O cálculo da renda mensal inicial, nessa modalidade, corresponde a 60% da média de todos os salários de contribuição desde julho de 1994, acrescidos de 2% por ano que exceder 15 anos (mulher) ou 20 anos (homem) de contribuição. Como o MEI recolhe sobre o salário mínimo, a média tende ao próprio piso, resultando em benefício de um salário mínimo, salvo se houver vínculos anteriores em outras categorias.
Riscos práticos e armadilhas no planejamento
O primeiro risco operacional é o atraso ou inadimplência das DAS-MEI mensais. Cada competência em aberto representa lacuna na carência e no tempo de contribuição. Embora a regularização posterior seja possível, ela exige pagamento com encargos e nem sempre é financeiramente vantajosa quando o intervalo é longo.
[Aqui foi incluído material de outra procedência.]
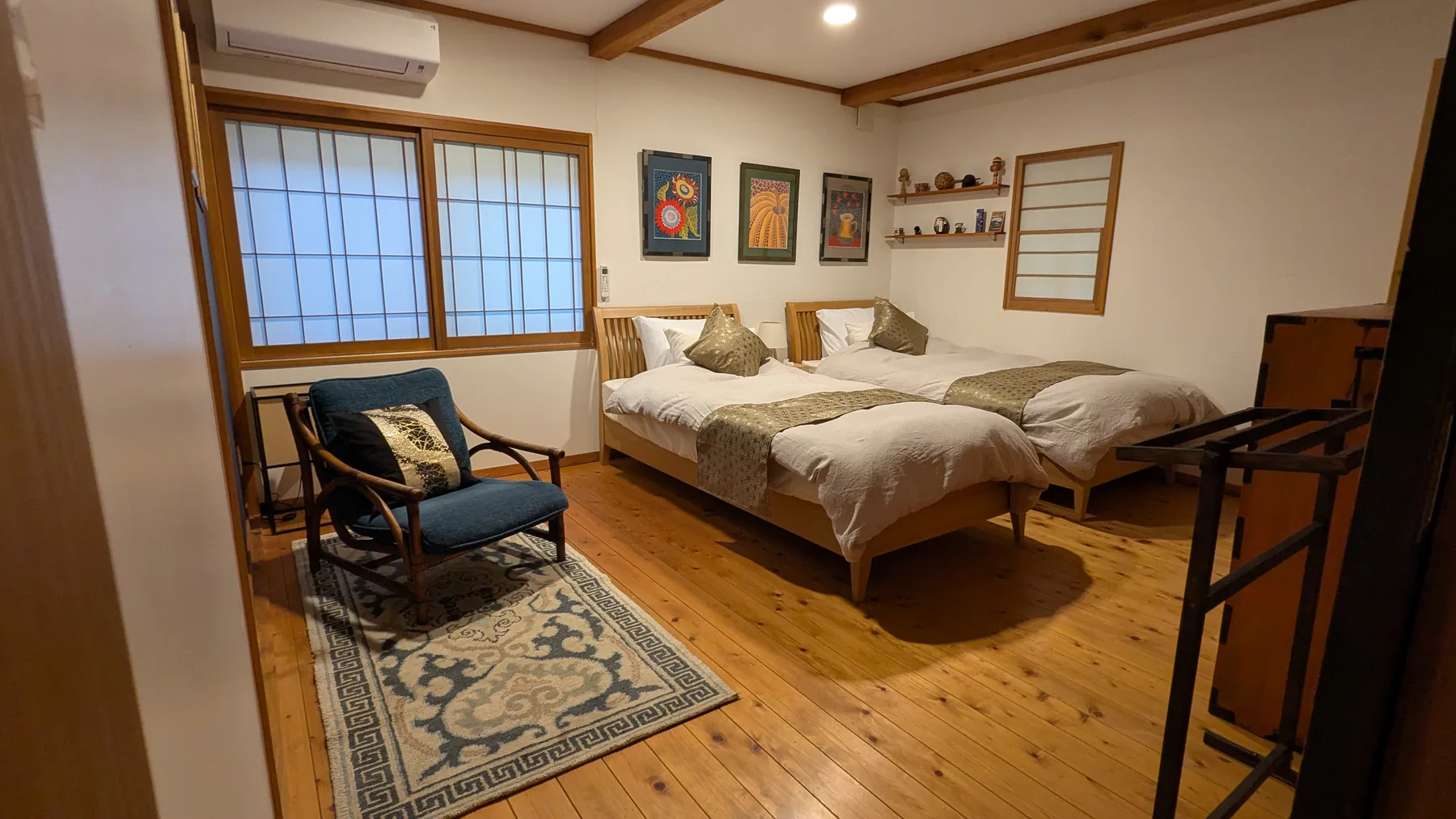 Twin bedroom with Japanese artwork and timber floor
O segundo risco é a desformalização involuntária. Excedido o teto anual de faturamento do MEI (R$ 81.000,00, salvo eventual atualização legislativa), o empresário migra compulsoriamente para microempresa, alterando o regime de contribuição. Períodos em que houve faturamento incompatível, ainda que mantido o registro MEI, podem ser objeto de glosa pela fiscalização.
O terceiro ponto crítico é a sobreposição com vínculos empregatícios. O segurado que mantém CNPJ MEI ativo e simultaneamente exerce atividade celetista contribui em duas categorias, com efeitos sobre o cálculo do benefício futuro. Nessas hipóteses, há margem para revisão do salário de benefício, somando-se os salários de contribuição até o teto do regime geral.
Perguntas Frequentes
Quem é MEI tem direito à aposentadoria por tempo de contribuição?
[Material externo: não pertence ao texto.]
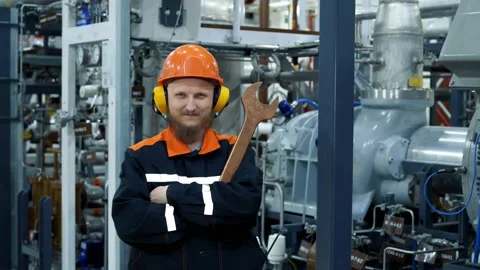 A man at work in an orange helmet and headphones holds a wrench near the gas Stock Footage 168002128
Como regra, não. A contribuição reduzida de 5% sobre o salário mínimo, característica do regime MEI, restringe o acesso à aposentadoria por idade, com renda mensal no piso. Para alcançar a aposentadoria por tempo de contribuição pelas regras de transição da Emenda Constitucional 103/2019, é necessário complementar 15% sobre o salário mínimo via GPS código 1910, somando os 20% exigidos do contribuinte individual.
Como funciona a complementação de 15% para o MEI?
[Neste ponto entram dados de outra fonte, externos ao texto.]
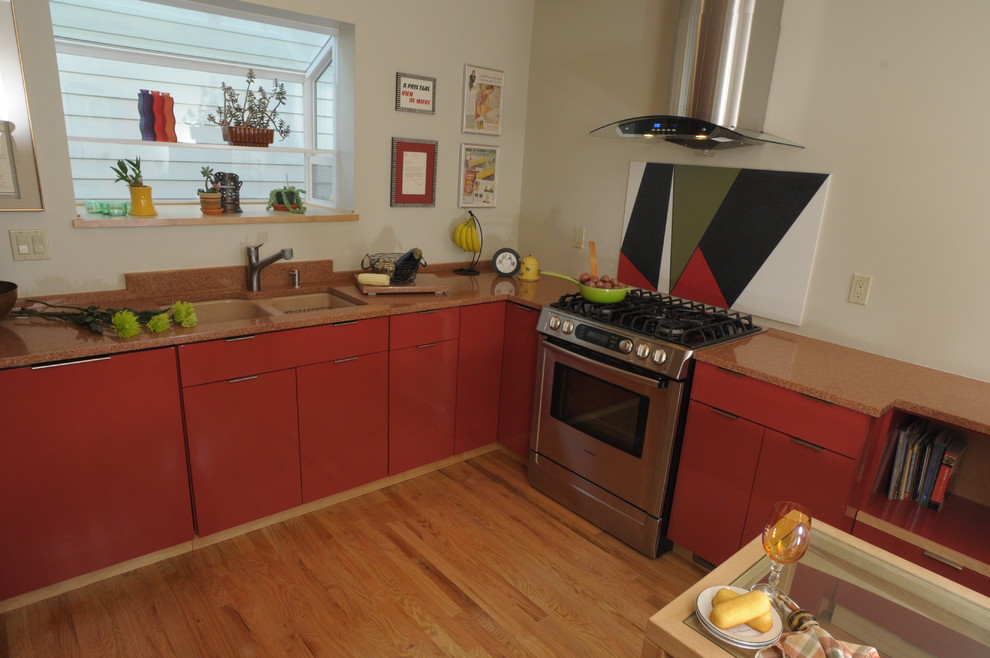 Idéer för mellanstora funkis kök, med en undermonterad diskho, släta luckor, orange skåp, granitbänkskiva, orange stänkskydd, stänkskydd i sten, rostfria vitvaror, ljust trägolv och en halv köksö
O microempreendedor que deseja ampliar seus direitos previdenciários recolhe, em paralelo à DAS-MEI, uma GPS com código 1910 correspondente a 15% do salário mínimo. A soma das duas contribuições atinge os 20% do regime comum e libera o acesso à aposentadoria por tempo de contribuição, bem como permite cálculo de benefício acima do piso. A complementação pode ser feita mensalmente, em atraso com encargos ou em períodos estratégicos do planejamento.
O que acontece com o tempo de MEI se o segurado tiver outros vínculos?
Os períodos como MEI são somados aos demais vínculos para fins de carência e tempo de contribuição. Quando há sobreposição com vínculo celetista ou outra categoria, as contribuições são consideradas concomitantes, com efeitos sobre o salário de benefício. Nessas situações, o cálculo final pode ser revisto somando-se os salários de contribuição até o teto do regime geral, conforme orientação consolidada na jurisprudência do Superior Tribunal de Justiça.